Ausstellungsrundgang mit  
Dr. Karl Riedling

Die Familie Riedling aus Wien gehört zu den treuesten Besuchern des Museums.
Dr. Karl Riedling dokumentiert seit 2003 die Entwicklung und Veränderungen im Museum Tauernbahn.
Machen Sie anhand seiner Bilder einen Rundgang durch unser Museum.
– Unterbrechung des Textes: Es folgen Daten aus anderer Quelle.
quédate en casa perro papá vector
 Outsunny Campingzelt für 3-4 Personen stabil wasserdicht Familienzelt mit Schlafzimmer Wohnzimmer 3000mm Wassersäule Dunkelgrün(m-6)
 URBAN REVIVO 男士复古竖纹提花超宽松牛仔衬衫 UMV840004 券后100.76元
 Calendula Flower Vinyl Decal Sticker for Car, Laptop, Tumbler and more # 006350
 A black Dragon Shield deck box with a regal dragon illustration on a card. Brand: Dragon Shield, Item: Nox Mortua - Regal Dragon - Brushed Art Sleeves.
Ausstellungsinformation Remisenrundgang

Wenn man vom Museumsneubau kommend die E-Lok Remise betritt, so eröffnet sich dem Besucher jene Eisenbahnwelt, wie sie teilweise bis vor wenigen Jahren auch noch in Natura erlebt werden konnte. Nun werden viele der Exponate nicht mehr als Verkehrsmittel verwendet. Manche Stücke mögen dem Bahnfahrer noch vertraut vorkommen, vielleicht von Urlaubsreisen mit der Bahn oder von der täglichen Fahrt in die Schule. Andere Exponate wiederum sind Zeugen längst vergangener Tage, die Einblick geben, wie der Eisenbahnbetrieb schon vor hundert Jahren und mehr ablief. Sie sind stille Zeugen des Eisenbahnalltages vergangener Epochen. Der Besucher selbst kann hier Eisenbahngeschichte erleben und möglicherweise auch jenen Pioniergeist nachempfinden, welcher mit dem Beginn des Eisenbahnzeitalters die technisierte Welt erfasste.

Die Ausstellung in der Remise ist in Fachbereiche gegliedert, dem Schema folgend wie es das Unternehmen Bahn selbst einmal war. Beim Betreten der Halle finden wir das Fernmeldewesen. Vom Morseapparat bis zum Fernschreiber reihen sich hier die Exponate aneinander. Daran schließt die Ausstellung über den Sicherungsdienst an. Dies ist jener Kernbereich, der oftmals unbemerkt vom Reisenden im Hintergrund bleibt, ohne den aber die sichere Abwicklung der Zugfahrten unmöglich wäre.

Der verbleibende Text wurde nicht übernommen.